Work request ▸ Without any images, output the records below verbatim.

(Collected data entries)
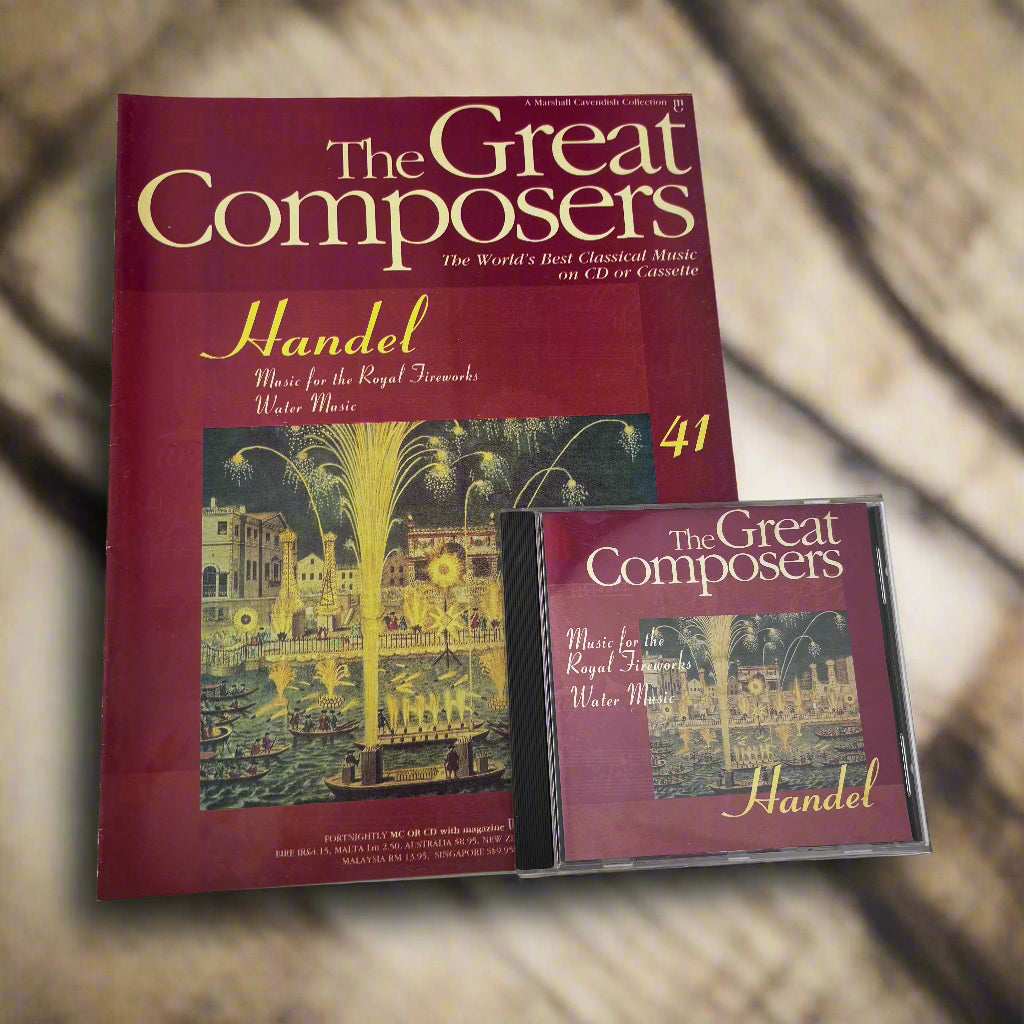 The Great Composers 41 + Cd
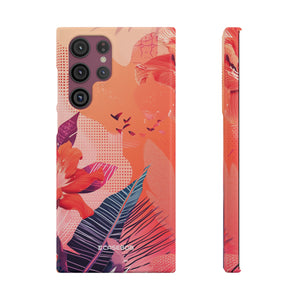 Living Coral  | Phone Case for Samsung (Slim Case)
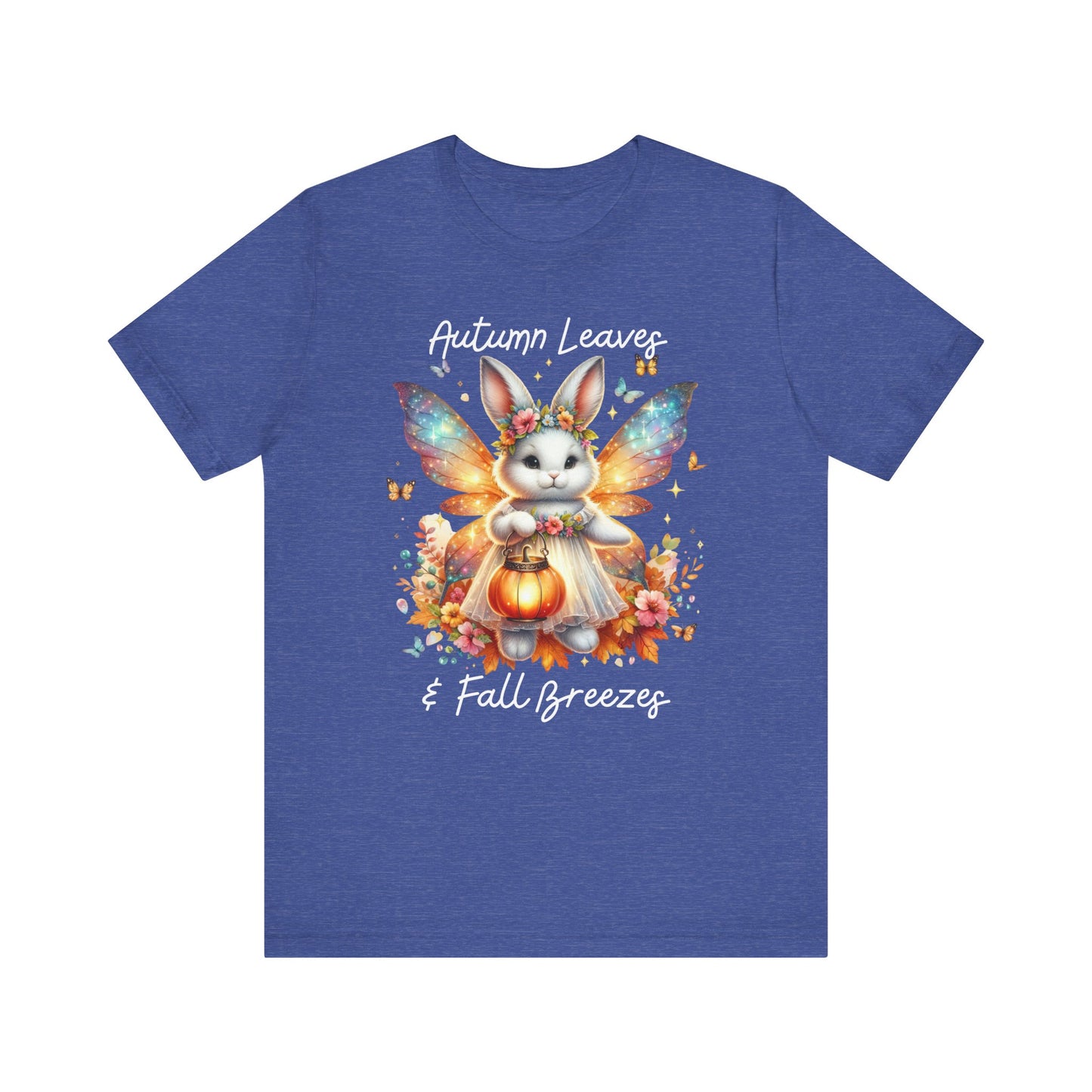 T-shirt - Autumn Leaves & Fall Breezes (01b)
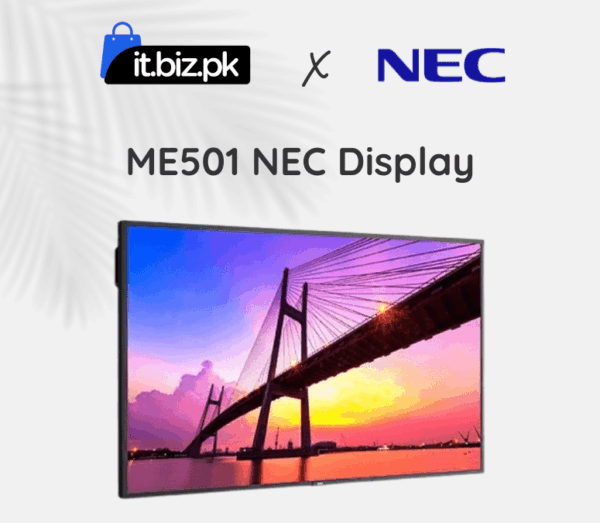 NEC ME501 50" Display Price in Pakistan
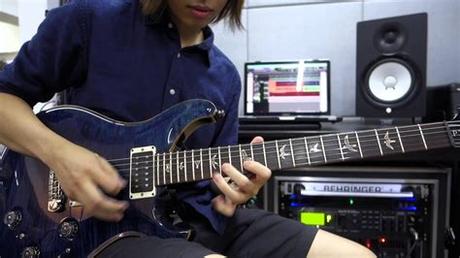 By polyphia with tabs lel i hope you guys liked it. Polyphia | Persevere (feat. Aaron Marshall) Guitar Solo ...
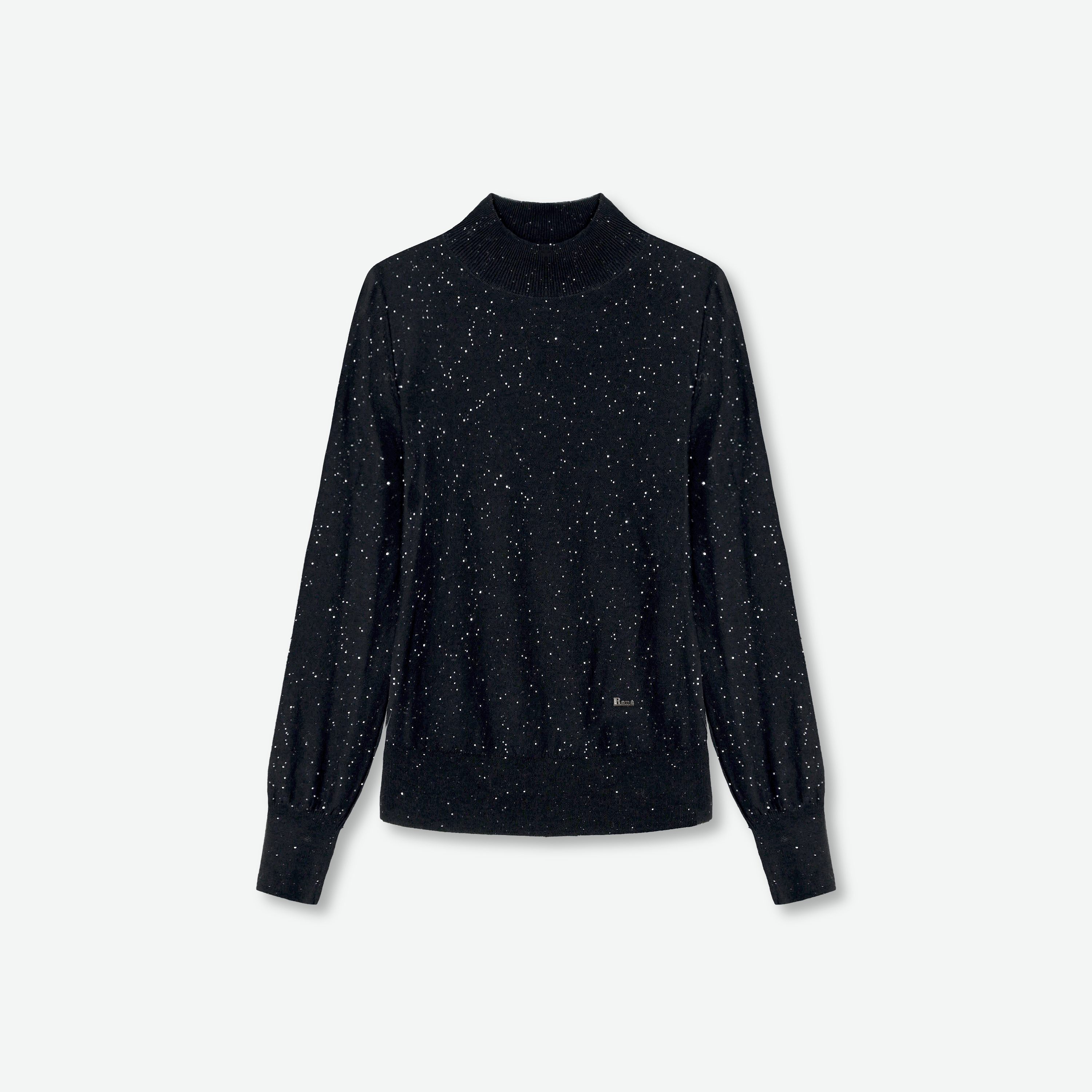 【極美品✨】ルネ　カーディガン　パール　リボン　2021年　38 カーディガン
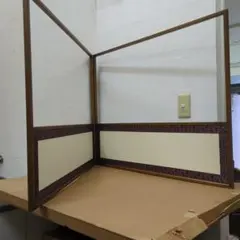 風炉先 表独楽つなぎ 裏アジロ 紺 紙箱入 茶道具 古物品 - メルカリ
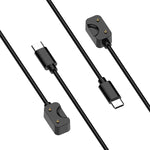 Samsung Galaxy Fit 3公式スタイルスマートウォッチ充電ケーブル、長さ：1m、USB-C / Type-C、USB-A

Solved exercise ▸
 The Great Composers 41 + Cd
 Living Coral  | Phone Case for Samsung (Slim Case)
 T-shirt - Autumn Leaves & Fall Breezes (01b)
 NEC ME501 50" Display Price in Pakistan
 By polyphia with tabs lel i hope you guys liked it. Polyphia | Persevere (feat. Aaron Marshall) Guitar Solo ...
 【極美品✨】ルネ　カーディガン　パール　リボン　2021年　38 カーディガン
 風炉先 表独楽つなぎ 裏アジロ 紺 紙箱入 茶道具 古物品 - メルカリ
 Samsung Galaxy Fit 3公式スタイルスマートウォッチ充電ケーブル、長さ：1m、USB-C / Type-C、USB-A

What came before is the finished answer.